Un presidente de Gobierno, cuando actúa como tal, no tiene agenda privada. Todo lo que hace y dice tiene, al menos teóricamente, interés público, y en una democracia que se precie de tal no es de recibo que el jefe del Ejecutivo reciba en su despacho oficial, a hurtadillas de la opinión pública, al presidente de una comunidad autónoma que quiere separarse de la Nación. Esto es lo que hizo Mariano Rajoy el pasado 29 de agosto cuando se reunió en secreto en La Moncloa con el presidente de la Generalitat de Cataluña, Artur Mas.
No es la primera vez, y me temo que tampoco será la última, que Rajoy actúa de esta manera. A mediados de julio hizo lo mismo con el lehendakari Urkullu, con el que además de tratar, dada la afición del presidente por el ciclismo, del futuro del equipo vasco Euskaltel, seguramente habló de cuestiones que son muy sensibles para muchos españoles, como por ejemplo la situación de los presos de la banda terrorista ETA o el estado de salud del etarra Bolinaga.
Lo peor de todo es que cuando después, por el cauce que sea, se tiene conocimiento de esas reuniones, las explicaciones dadas por sus protagonistas empeoran la situación. Por ejemplo, de su reunión con Mas, Rajoy dijo el pasado viernes en San Petersburgo que se trataron "cosas razonables", lo cual es un topicazo que lo mismo sirve para un roto que para un descosido. También es verdad que, teniendo en cuenta que hace un año el presidente calificó de "dimes y diretes" el ruido de los tambores secesionistas que ya llegaban desde Cataluña, algunos dirán que algo hemos avanzado en el diagnóstico de la cuestión.

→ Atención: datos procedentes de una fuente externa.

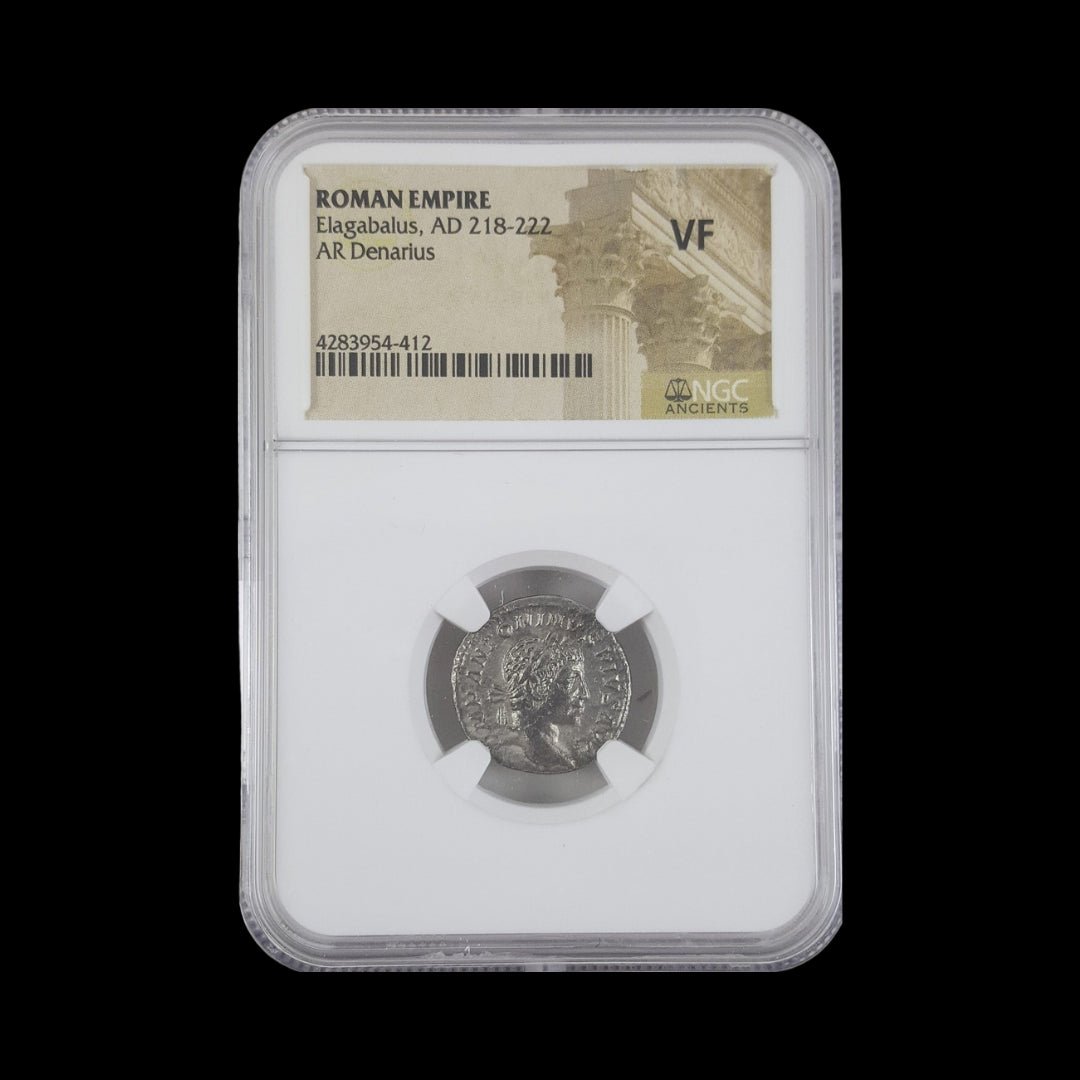 Ancient Roman Silver Coin of Emperor Elagabalus (Most Controversial Roman Emperor) - Kinzer Coins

Cuando el problema político más importante que tiene España es el desafío secesionista de Cataluña, liderado por Mas y la Esquerra, no es tolerable que el presidente del Gobierno de España se permita este tipo de actuaciones. Pero a Rajoy le gusta ese estilo: el del trapicheo, el de "tender puentes" aunque su interlocutor no haga más que colocar cargas explosivas para dinamitarlos, el de dejar pasar el tiempo pensando que de esa manera se arreglan los problemas porque se pudren o por aburrimiento.
A Rajoy se le nota cada vez más –no disimula nada– que le resultan pesadas las ruedas de prensa, que le molestan las preguntas parlamentarias de ciertos diputados, como es el caso de Rosa Díez, o de periodistas que se atreven a plantear cuestiones incómodas y que se salen del guión de lo políticamente correcto. En esas ocasiones suele contestar con desdén, sin decir nada, o echando mano del tópico. Este desprecio del presidente por la opinión pública –en definitiva, los medios de comunicación no son más que intermediarios entre el gobernante y los ciudadanos– o por el control parlamentario es algo que no solamente no habla bien de quien tiene ese comportamiento, tampoco lo hace de la calidad de nuestra democracia.
Con el caso Bárcenas también hemos visto el estilo Rajoy. ¿Qué hizo el presidente del PP cuando ya se sabía que Bárcenas tenía 40 millones de euros en Suiza y amenazaba con tirar de la manta? Intentar trapichear con el extesorero, para lo cual no solamente le mandó sms de ánimo, sino que se reunió con él en su despacho de la calle Génova para pactar, con la inestimable ayuda de Javier Arenas, sueldo, finiquito, coche, despacho, chófer y secretaria. Y al Congreso sólo fue cuando ya no le quedó otro remedio, porque llegó a la conclusión de que era peor no hacerlo a que el PSOE le presentara una moción de censura.
Cada gobernante es muy libre de colocar el listón de la autoexigencia democrática a la altura que le parezca oportuno. En el caso de Rajoy, y en lo que se refiere tanto a su concepción del papel que desempeñan en una sociedad democrática los medios de comunicación como al control del Gobierno que debe de ejercer la oposición en el Congreso de los Diputados, esa altura no llega al mínimo exigible para una competición olímpica. Y perdón por el ejemplo, con el que no pretendo herir ninguna sensibilidad.